Exercise objective:
Could you reproduce, from the records below, everything from the line with "Robe boutonnée en" down to the line with "Mais recente modelo", keeping both of those lines and changing nothing?

Study material:

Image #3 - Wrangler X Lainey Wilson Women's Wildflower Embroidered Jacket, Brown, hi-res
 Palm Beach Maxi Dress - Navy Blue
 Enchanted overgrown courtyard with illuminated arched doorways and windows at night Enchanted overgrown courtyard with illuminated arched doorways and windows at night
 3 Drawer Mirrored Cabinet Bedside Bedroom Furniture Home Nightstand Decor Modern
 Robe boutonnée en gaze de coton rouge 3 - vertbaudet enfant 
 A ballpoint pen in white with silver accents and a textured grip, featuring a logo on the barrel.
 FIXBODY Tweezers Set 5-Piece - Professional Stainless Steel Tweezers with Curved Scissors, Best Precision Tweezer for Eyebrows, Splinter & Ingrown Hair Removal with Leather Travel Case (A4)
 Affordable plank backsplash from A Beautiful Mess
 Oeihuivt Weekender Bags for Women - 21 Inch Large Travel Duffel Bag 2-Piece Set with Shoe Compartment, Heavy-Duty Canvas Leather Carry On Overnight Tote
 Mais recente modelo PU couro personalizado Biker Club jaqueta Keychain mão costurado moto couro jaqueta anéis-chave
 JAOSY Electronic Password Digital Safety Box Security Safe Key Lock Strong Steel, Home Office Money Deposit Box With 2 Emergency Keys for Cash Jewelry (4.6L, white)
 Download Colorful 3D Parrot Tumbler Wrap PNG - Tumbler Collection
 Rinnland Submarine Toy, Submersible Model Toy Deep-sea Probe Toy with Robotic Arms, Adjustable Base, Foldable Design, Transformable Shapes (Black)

Exercise result:
 Robe boutonnée en gaze de coton rouge 3 - vertbaudet enfant 
 A ballpoint pen in white with silver accents and a textured grip, featuring a logo on the barrel.
 FIXBODY Tweezers Set 5-Piece - Professional Stainless Steel Tweezers with Curved Scissors, Best Precision Tweezer for Eyebrows, Splinter & Ingrown Hair Removal with Leather Travel Case (A4)
 Affordable plank backsplash from A Beautiful Mess
 Oeihuivt Weekender Bags for Women - 21 Inch Large Travel Duffel Bag 2-Piece Set with Shoe Compartment, Heavy-Duty Canvas Leather Carry On Overnight Tote
 Mais recente modelo PU couro personalizado Biker Club jaqueta Keychain mão costurado moto couro jaqueta anéis-chave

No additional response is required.